What we know and do not know is a telling example of the state of affairs. There is little question that laws were broken, and no one can disagree that if charges were brought at the time these illegal acts occurred, or sometime thereafter, then those responsible would be prosecuted. Was any investigation done at any point prior to the Governor’s audit by the Attorney General? After the Governor ordered his audit, the Attorney General appointed one prosecutor to assist the State Police and Bureau of Audits with the investigation. This individual also has the responsibility of prosecuting white collar crimes in Rhode Island. Regardless of the talents of this single prosecutor, given what was at stake, was it fair to that person or Rhode Islanders to dedicate so little resources? Is it possible this corruption occurred under the nose of the Attorney General and he had no idea? Rhode Islanders are entitled to answers rather than a statement that no prosecution of anyone involved in this fleecing of taxpayer dollars will occur.

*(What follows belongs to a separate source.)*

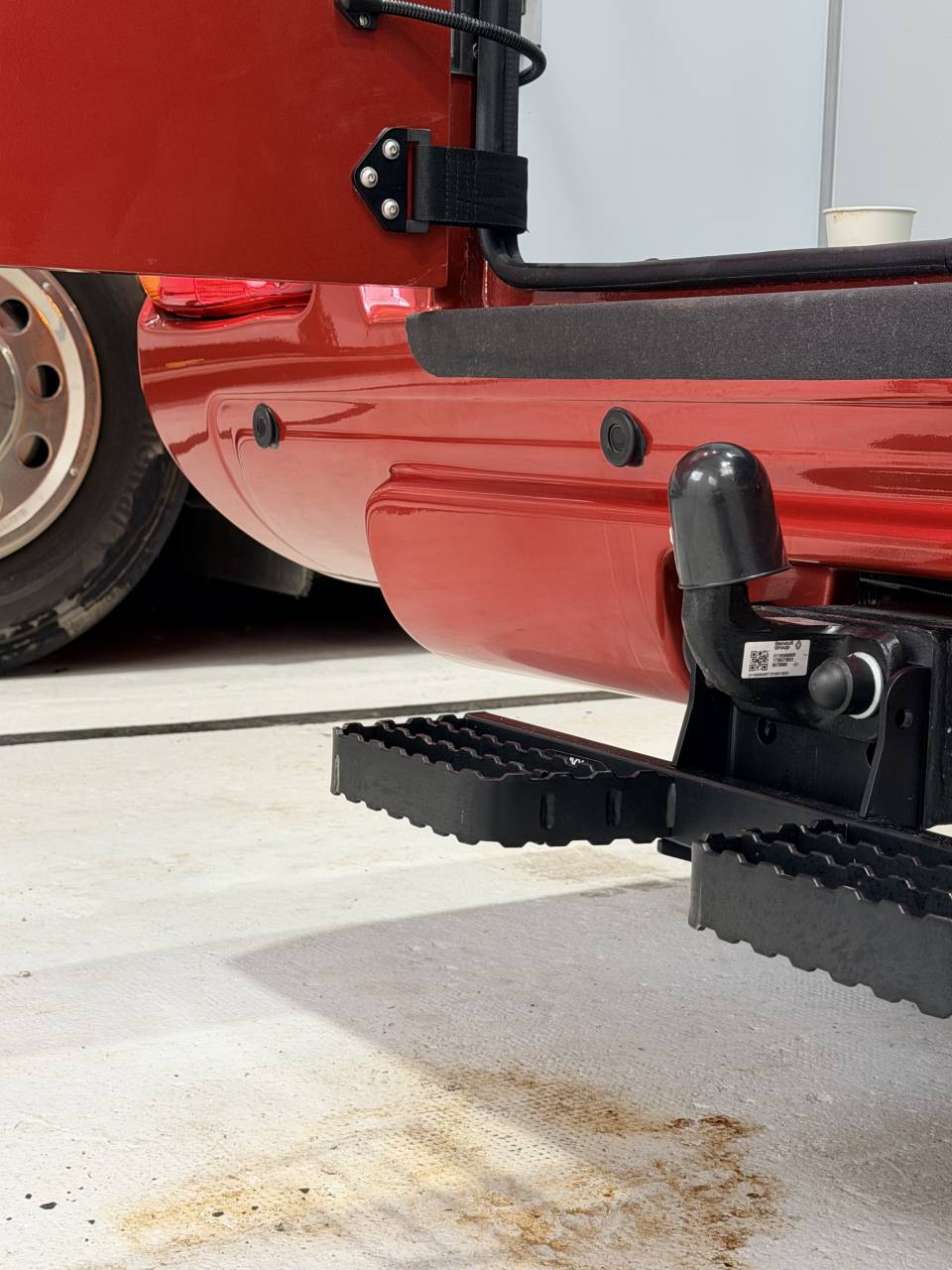 Furgoneta para caballos AKX 5p BVA  2026 Nuevo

Rhode Islanders deserve an Attorney General who actively seeks out and prosecutes the corruption that litters our state — not just at the landfill but statewide. Public corruption must be a top priority of the Attorney General and the office. No longer can the responsibility for investigating and prosecuting public corruption at the state or municipal level be abdicated to the U.S. Attorney’s Office, the Governor or to a single prosecutor. Being committed to fighting corruption requires establishing an Attorney General’s Public Corruption Task Force, staffed with seasoned prosecutors, investigators and a forensic auditor. The moment corruption is suspected, a corruption task force should immediately initiate an investigation so that those who betray the public trust can no longer hide behind the statute of limitations and escape accountability. An Attorney General 24-hr corruption hotline must be established so that Rhode Islanders can provide information and/or tips. Those who provide information on public corruption, as well as the members of the Attorney General’s Public Corruption Task Force, must have confidence that the Attorney General has the integrity and courage to back them, regardless of where and to whom the trail of corruption leads.

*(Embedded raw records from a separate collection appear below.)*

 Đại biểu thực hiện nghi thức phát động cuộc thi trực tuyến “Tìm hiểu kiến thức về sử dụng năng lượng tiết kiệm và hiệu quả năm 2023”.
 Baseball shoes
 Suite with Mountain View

Taking the offensive against those who betray the public trust will not only put the corrupt behind bars, but will demonstrate to businesses and all others that we will no longer sit on the sidelines while the future of our State is stolen by the powerful and corrupt insiders. It is time we stand up together and put them on warning that their days are numbered.
Erik Wallin is an attorney in Wakefield, RI, and the presumed Republican candidate for the office of Attorney General in 2010.
“Public corruption”?
We’re in the worst recession in 70 years and he’s a one issue candidate running on “public corruption”?
What is he going to do to save state resources with the awesome power of the office?
What is he going to do regarding the insane Drug War against peaceful Rhode Island citizens each year which costs the state untold millions (billions?) in useless prosecutions and $80/day/inmate for three hots and a cot in jail for possession of a plant?
If he doesn’t support at least decriminalizing marijuana or stopping prosecution of simple possession as a bare minimum, he is just another power-hungry, party-line authoritarian joker. Anyone who actually cared about Rhode Islanders rather than their own political ambitions would stop the Drug War’s endless waste of money and human life immediately.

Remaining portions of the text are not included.